Hello, *Have a quick question related to pipelines...
# questions
m
Hello, Have a quick question related to pipelines and nodes Ordering, I have created like 5 pipelines each of which has its own nodes, now whenever i am running the full env.
kedro run --env env_name
the pipelines nodes are interchangeable in running order , meaning that it runs as below
pipeline 1 --> Node 1
pipeline 2 ---> Node 1
pipeline 2 --> Node 2
pipeline 3 --> Node 1
pipeline 1 --> Node 2
pipeline 3 --> Node 2
(Note Nodes order in each pipeline is correct but kedro run a node from each pipeline) However i want them to run in the below order,
pipeline 1 --> Node 1
pipeline 1---> Node 2
pipeline 2 --> Node 1
pipeline 2 --> Node 2
pipeline 3 --> Node 1
pipeline 3 --> Node 2
I have the following config in pipeline_registry -->
return {"__default__": pipeline1 + pipeline2+ pipeline3 + pipeline4 + pipeline5, }
K 2
👀 1
d
Kedro doesn't guarantee node order beyond what you specify through nodes depending on other nodes (that create the DAG).
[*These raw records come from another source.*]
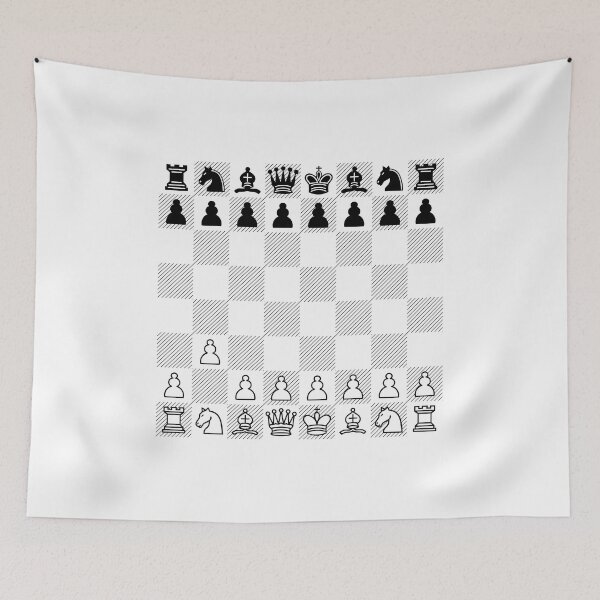 Item preview, Nimzo-Larsen Attack designed and sold by GelDesigns.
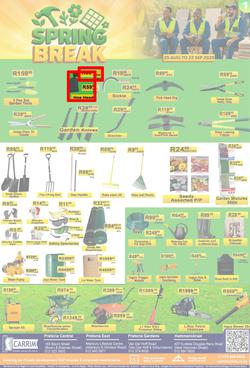 K Carrim Builders Mecca : Spring Break (25 August - 22 September 2025), page 1
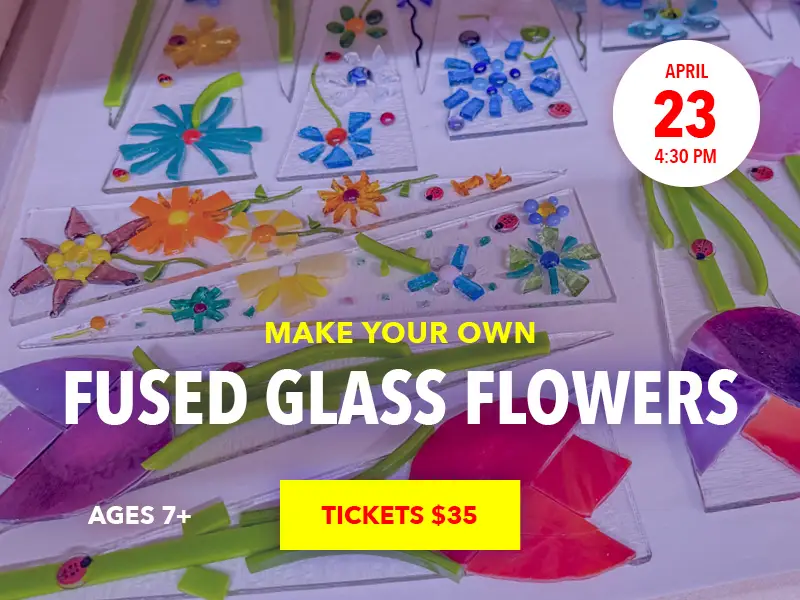 Fused Glass Suncatchers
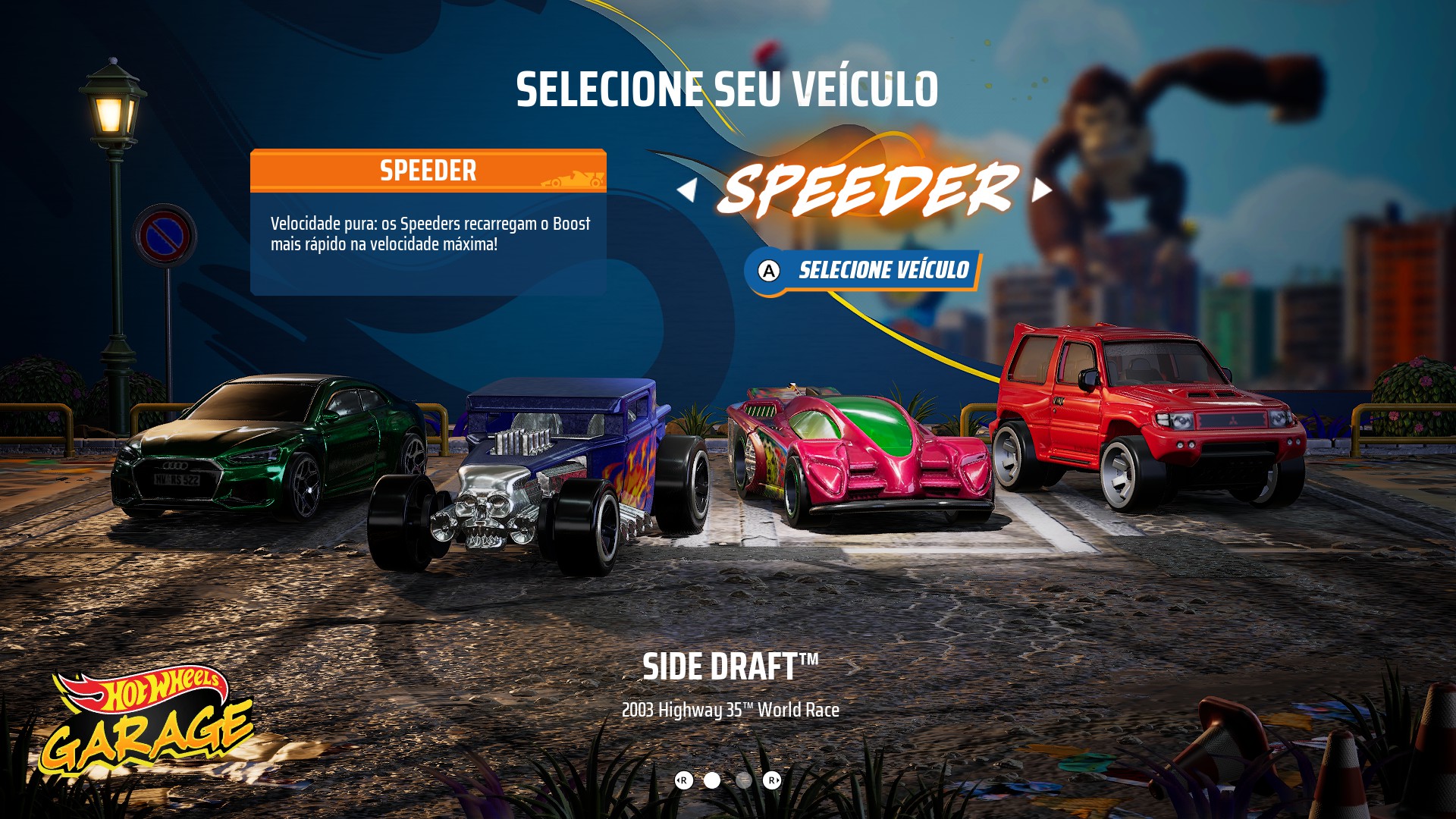 Hot wheels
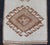 Vintage Turkish Tulu Runner With Ivory Field and Soft Brown Diamond Motifs For Sale - Image 9 of 11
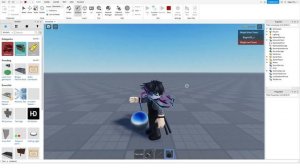 Роблокс студио урок №5. Как удалить вещи из ивентаря игрока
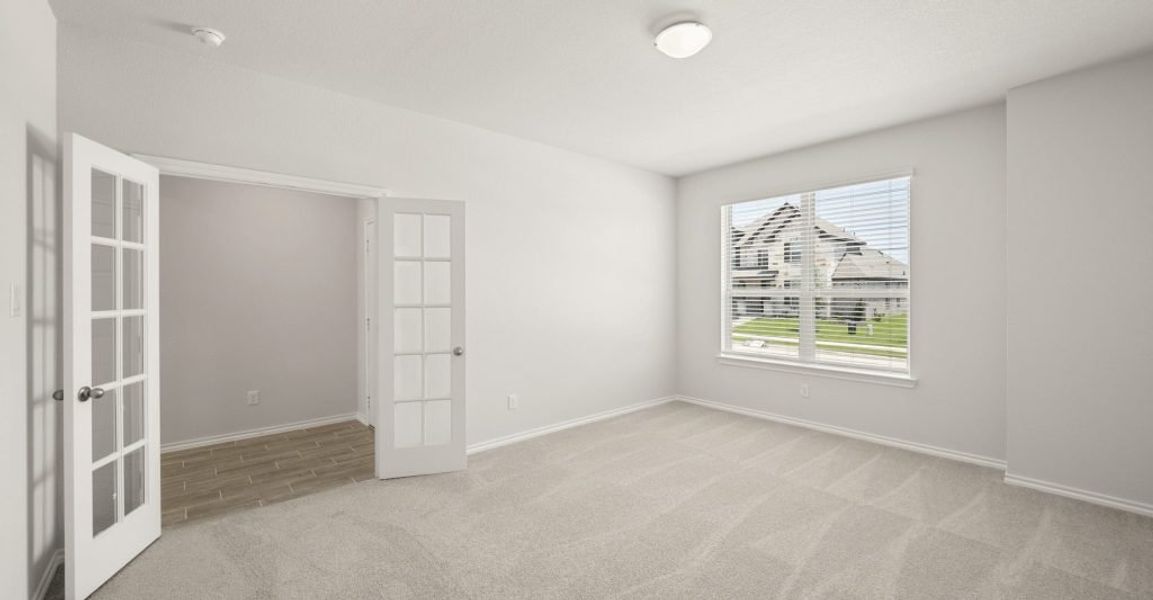 Representative exterior photo of a completed home built from the Brewer by Impression Homes in Redden Farms, Midlothian, TX (Image 15). Representative exterior photo of a completed home built from the Brewer by Impression Homes in Redden Farms, Midlothian, TX (Image 15).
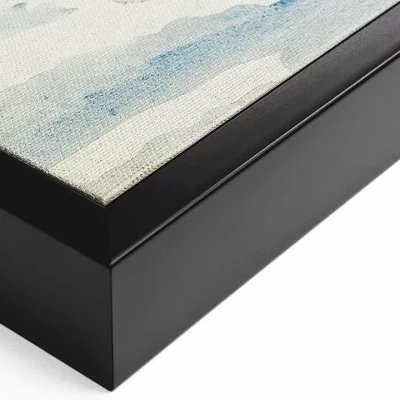 Набор из двух постеров на холсте Clouds over the mountains 75X105 / 75X105 CM 5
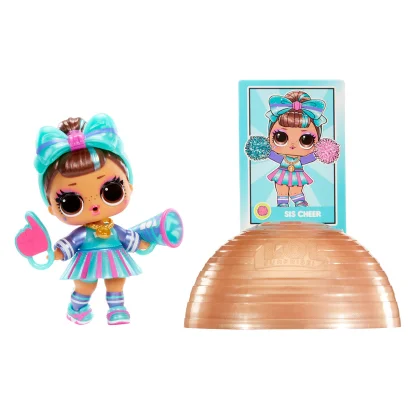 Ігровий набір з лялькою L.O.L. SURPRISE! серія "All Star Sports" &ndash; ЗІРОЧКИ СПОРТУ (в ас., у диспл.)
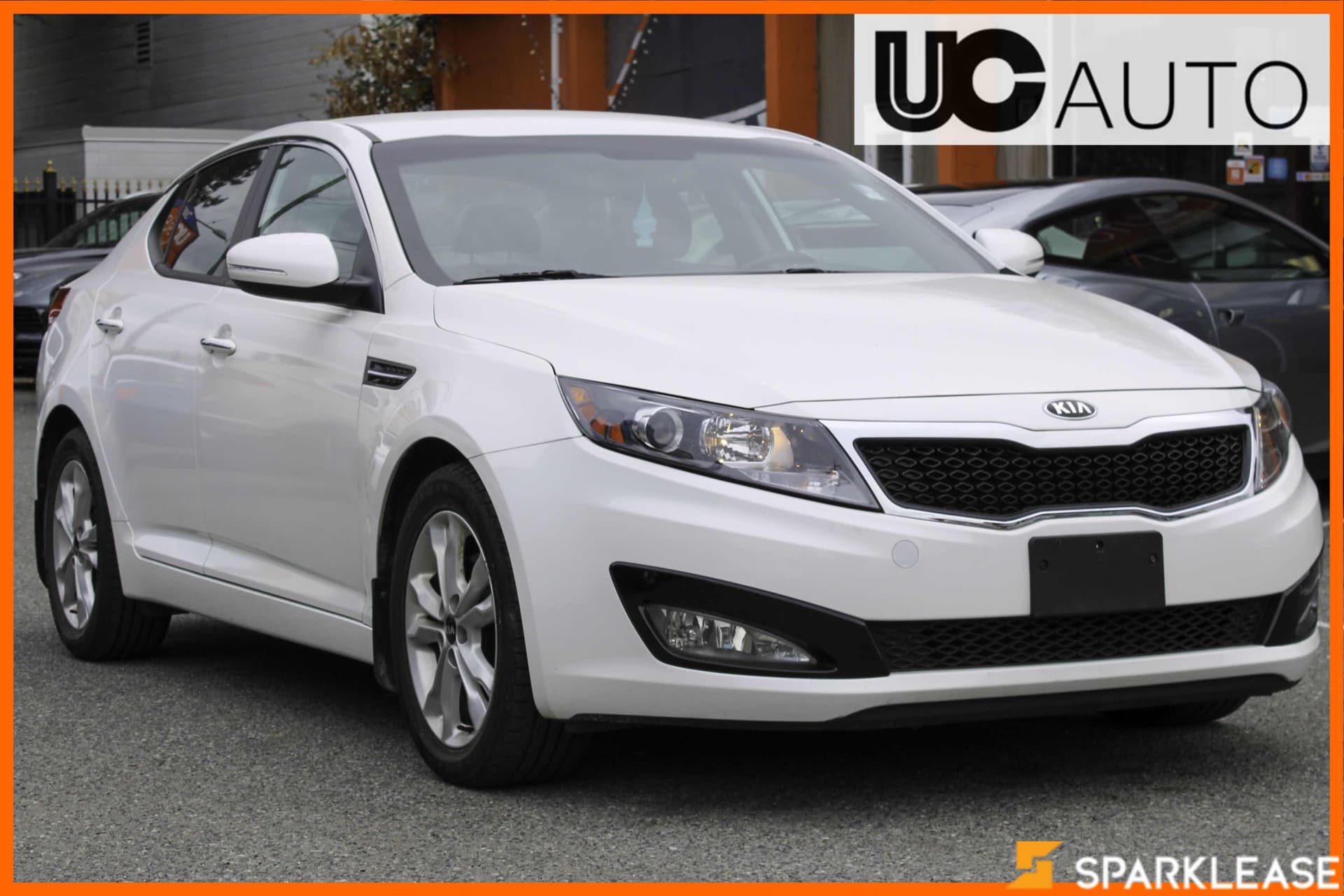 2013 Kia Optima 4dr Sdn Auto EX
In 0.18.2, there was a change to make node order the same across
SequentialRunner
runs, but this still wouldn't guarantee anything like this.
m
so how to handle a situation like this ?,, for example i am doing
1st pipeline for data loading and preprocessing
,
the 2nd one for training and evaluation
,
the 3rd for deployment
,
the 4th for mlops
, now its trying to run a node in deployment which tries to deploy a model that didn't actually get trained in pipeline no2. and same applies for most of them.
d
If there are dependencies and you want to run in Kedro, define them. For example, if
deployment
tries to deploy a model from
training
, then the
training
pipeline should write to a
model_output
dataset and
deployment
should pick up that
model_output
dataset, so your dependencies will be defined in your DAG. If they're separate processes, use an orchestrator to schedule your pipelines, or run them in order yourself (e.g.
kedro run --pipeline pipe1 && kedro run --pipeline pipe2 && ...
).